On the other hand, Islam had, right from the beginning, given women a
comprehensive and inexhaustible package of rights and privileges which they
never could enjoy under other religious or constitutional systems. The
rights and responsibilities of women are equal to those of men but they are
not fully identical with them. The Qur’an attests this to in this verse:
“God has fashioned mankind according to the nature designed by Him; there is
no altering the creation of Allah.”(30:31).

The fact that Islam has given them equal rights, but not identical,
significantly reveals that it holds them into due consideration,
acknowledges them, and recognises their independent status. What Islam at
all times emphasises is the notion of equal partnership. “O mankind! Verily
we have created you from a single pair of a male and female, and made you
into nations and tribes that you may know each other.”

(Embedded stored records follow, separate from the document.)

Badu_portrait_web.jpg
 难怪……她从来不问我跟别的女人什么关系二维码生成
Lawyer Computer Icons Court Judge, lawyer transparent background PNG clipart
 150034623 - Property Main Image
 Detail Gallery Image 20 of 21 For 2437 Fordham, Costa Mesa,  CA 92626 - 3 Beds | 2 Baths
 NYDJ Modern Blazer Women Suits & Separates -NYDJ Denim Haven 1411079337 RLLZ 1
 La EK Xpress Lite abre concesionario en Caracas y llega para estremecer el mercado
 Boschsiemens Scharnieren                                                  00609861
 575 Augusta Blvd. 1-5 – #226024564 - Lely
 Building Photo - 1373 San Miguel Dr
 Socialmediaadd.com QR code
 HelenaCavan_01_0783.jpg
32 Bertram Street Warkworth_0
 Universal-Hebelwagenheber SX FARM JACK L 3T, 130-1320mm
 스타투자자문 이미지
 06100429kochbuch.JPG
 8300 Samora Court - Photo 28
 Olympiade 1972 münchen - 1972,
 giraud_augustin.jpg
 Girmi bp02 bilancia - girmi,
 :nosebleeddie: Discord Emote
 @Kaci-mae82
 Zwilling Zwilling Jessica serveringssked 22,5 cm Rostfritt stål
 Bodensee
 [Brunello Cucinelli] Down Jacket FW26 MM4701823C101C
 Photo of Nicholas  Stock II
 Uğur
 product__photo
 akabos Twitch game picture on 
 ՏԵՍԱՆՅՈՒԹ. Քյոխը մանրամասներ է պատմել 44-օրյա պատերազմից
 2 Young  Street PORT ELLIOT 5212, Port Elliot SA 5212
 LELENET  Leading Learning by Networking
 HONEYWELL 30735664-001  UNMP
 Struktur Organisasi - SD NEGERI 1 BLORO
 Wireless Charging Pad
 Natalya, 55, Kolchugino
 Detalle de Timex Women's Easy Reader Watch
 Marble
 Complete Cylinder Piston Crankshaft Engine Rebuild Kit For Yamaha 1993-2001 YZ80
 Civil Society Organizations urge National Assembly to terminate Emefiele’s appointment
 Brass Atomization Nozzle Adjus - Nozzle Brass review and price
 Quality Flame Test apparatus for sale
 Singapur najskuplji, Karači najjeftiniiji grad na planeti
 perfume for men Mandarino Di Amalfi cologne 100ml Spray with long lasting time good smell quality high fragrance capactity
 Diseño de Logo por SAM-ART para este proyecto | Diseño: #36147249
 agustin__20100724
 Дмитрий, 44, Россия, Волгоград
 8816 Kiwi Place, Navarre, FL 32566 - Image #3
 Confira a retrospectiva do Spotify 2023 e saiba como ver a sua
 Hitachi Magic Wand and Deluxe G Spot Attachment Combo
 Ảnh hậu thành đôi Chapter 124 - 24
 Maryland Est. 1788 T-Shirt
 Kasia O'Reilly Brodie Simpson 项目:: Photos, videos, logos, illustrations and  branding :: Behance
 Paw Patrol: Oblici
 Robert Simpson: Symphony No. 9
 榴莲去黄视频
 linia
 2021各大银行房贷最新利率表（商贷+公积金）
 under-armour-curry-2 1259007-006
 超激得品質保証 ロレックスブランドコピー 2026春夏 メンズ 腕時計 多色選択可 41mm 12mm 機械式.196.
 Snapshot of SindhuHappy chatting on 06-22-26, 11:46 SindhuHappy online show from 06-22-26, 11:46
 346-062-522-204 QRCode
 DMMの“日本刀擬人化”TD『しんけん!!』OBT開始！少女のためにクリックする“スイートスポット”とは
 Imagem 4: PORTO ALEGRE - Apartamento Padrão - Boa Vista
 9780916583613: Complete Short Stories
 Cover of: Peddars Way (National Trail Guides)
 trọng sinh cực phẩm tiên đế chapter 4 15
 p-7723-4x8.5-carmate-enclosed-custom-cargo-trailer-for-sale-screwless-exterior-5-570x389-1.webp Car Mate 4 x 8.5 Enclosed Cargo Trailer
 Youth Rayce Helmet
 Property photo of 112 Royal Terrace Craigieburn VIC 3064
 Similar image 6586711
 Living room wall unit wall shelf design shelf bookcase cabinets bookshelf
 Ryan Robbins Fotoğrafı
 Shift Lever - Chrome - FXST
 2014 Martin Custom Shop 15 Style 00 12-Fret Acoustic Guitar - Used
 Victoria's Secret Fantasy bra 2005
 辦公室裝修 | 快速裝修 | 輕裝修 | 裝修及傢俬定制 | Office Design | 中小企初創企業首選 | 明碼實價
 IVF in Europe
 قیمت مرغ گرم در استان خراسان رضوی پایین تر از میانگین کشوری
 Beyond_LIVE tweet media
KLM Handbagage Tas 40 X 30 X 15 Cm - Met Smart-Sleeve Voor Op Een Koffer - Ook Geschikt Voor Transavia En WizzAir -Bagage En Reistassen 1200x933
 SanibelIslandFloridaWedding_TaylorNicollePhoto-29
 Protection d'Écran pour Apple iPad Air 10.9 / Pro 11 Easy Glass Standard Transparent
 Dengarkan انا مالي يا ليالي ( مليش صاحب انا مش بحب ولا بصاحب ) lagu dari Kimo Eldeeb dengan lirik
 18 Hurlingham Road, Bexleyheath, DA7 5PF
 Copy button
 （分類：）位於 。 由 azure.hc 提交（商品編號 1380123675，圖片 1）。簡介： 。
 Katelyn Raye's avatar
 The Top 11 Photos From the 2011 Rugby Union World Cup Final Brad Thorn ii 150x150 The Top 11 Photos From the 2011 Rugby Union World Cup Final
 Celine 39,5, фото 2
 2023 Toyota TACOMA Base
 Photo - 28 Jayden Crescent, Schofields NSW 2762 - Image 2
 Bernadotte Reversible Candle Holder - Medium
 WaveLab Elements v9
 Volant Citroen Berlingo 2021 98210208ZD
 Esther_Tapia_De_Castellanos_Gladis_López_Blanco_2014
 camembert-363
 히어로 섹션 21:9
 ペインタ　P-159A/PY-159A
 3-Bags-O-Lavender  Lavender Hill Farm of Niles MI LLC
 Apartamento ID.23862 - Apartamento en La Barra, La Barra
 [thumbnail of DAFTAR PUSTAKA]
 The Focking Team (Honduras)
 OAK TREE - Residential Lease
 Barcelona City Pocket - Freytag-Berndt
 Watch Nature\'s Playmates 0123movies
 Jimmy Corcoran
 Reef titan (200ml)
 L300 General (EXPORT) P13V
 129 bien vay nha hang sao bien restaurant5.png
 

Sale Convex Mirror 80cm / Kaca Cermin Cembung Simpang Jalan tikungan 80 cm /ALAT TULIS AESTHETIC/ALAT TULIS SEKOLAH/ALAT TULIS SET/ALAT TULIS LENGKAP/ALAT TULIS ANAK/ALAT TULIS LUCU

Indisputably, Islam has entrenched spiritually pedalled codes that glorify
women, give them full security and protect them against disgraceful
circumstances and undesirable channels of life. As a renowned scholar
pointed out, “it is not the tone of Islam that brands women as the product
of the devil or the seed of evil. No does the Qur’an place men as the
dominant lords of women.” They have equal rights to enter into a contract,
set up business enterprises, earn and possess independently. Their marital
lives are elaborately defined and guarded by Islam. This is an important
aspect of Islam that both the Qur’an and prophetic hadith address in detail.
In his historic farewell sermon delivered on the ninth day of Dhul Hijjah,
in the Uranah valley of mount Arafa, the holy prophet (S A W) said: “O
people, you have rights over your wives and your wives have rights over you.
Treat your wives with love and kindness. Verily you have taken them as the
trust of God, and have made their persons lawful unto you by the words of
God. Keep always faithful to the trust reposed in you, and avoid sin.”